Третий эпизод мифа – «судьба Иама». Три его куска, выделенные здесь абзацами, естественно следуют друг за другом как действие, немедленный результат этого действия и дальнейший результат этого действия; последний из них влечет за собою четвертый кусок, как бы эпилог, дающий перспективу будущего и подводящий к переходу от мифологического отступления обратно к основной хвалебной части.

(4 антистрофа, 71) С тех самых пор многославен меж эллинами род Иамидов: (72) сопутствуемый обилием, чтящий доблесть, шествует он по видному пути. (73) Каждое их дело – свидетельство тому; и завидуют хулящие мужу, кому вскачь на двенадцатом кругу первому по чести излила Харита славную свою красоту.

(77) Если предки, Агесий, матери твоей у граней Киллены (4 эпод) подлинно дарили в благочестии своем многие и многократные заклания (79) ради милости Эрмия, вестника богов, в чьей руке – состязание и жребий наград, возлюбившего Аркадию, славную мужами, – (80) то это он и тяжко грохочущий родитель его довершают твою славу, о сын Сострата.
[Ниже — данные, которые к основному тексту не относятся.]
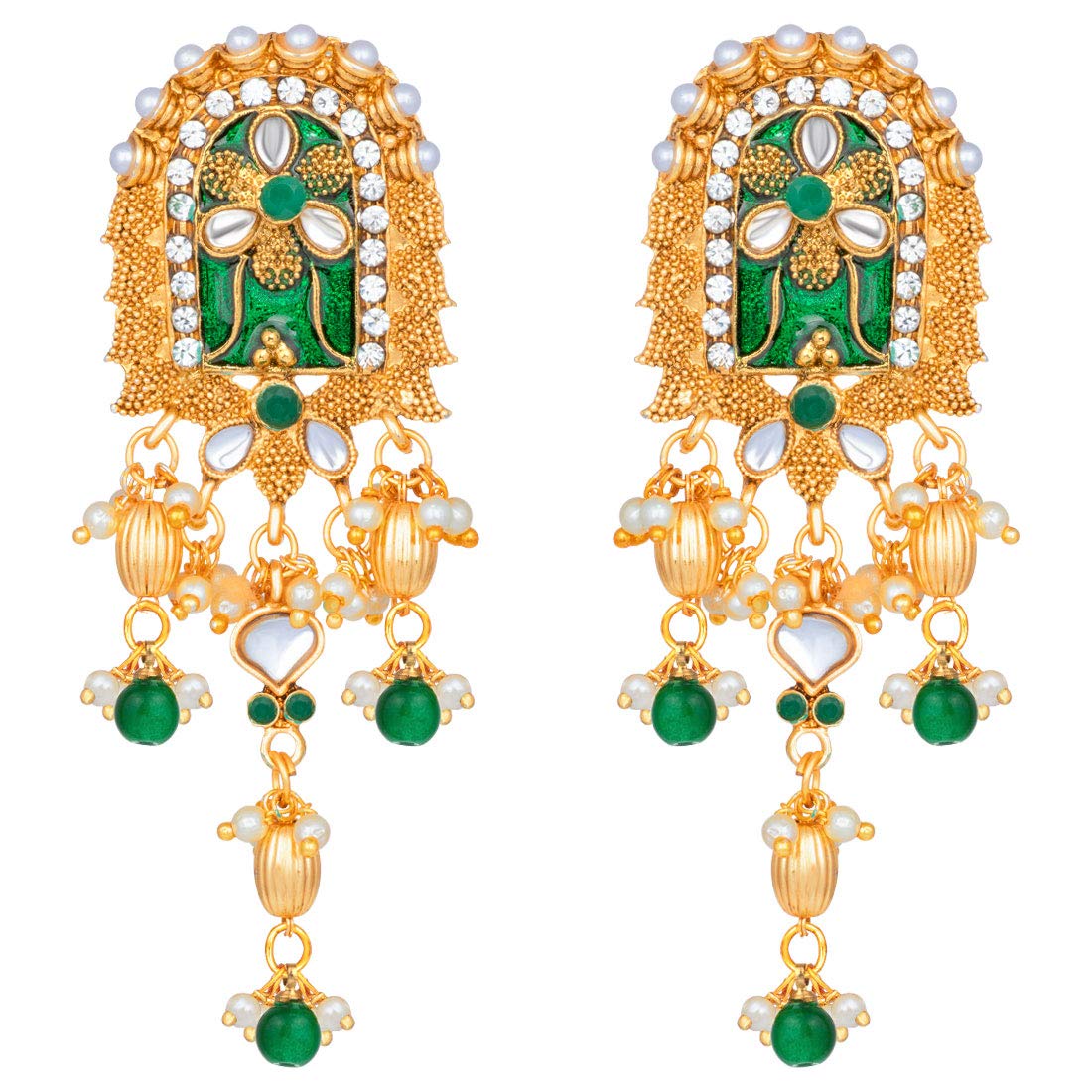 Women's traditional gold plated kundan pearl multi layered blue meena work longnecklace earrings set ml181bl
Возврат от мифологической части к хвалебной плавный, без отбивки: «с тех самых пор», «так и теперь» (καὶ νῦν) – характерные формулы такого перехода. Хвалебная часть продолжает ту же тему, которая была перебита мифом, – хвалу роду. Хвала роду подается с двух заходов: «от людей» (71 сл.) и «от богов» (77 сл.); в концовках обоих кусков хвала роду дополняется повторной хвалой победителю. Во втором куске этот вспомогательный мотив подчеркнут двукратным обращением во втором лице с двукратным повторением именования героя.

(82) Певучий оселок – на языке у меня, слава его льется чудными дуновениями навстречу воле моей. (84) Мать моей матери – цветущая Метопа из-под Стимфала: (5 строфа) она родила Фиву, хлещущую скакунов, Фиву, чью желанную влагу я пью, пеструю хвалу сплетая копьеносным бойцам.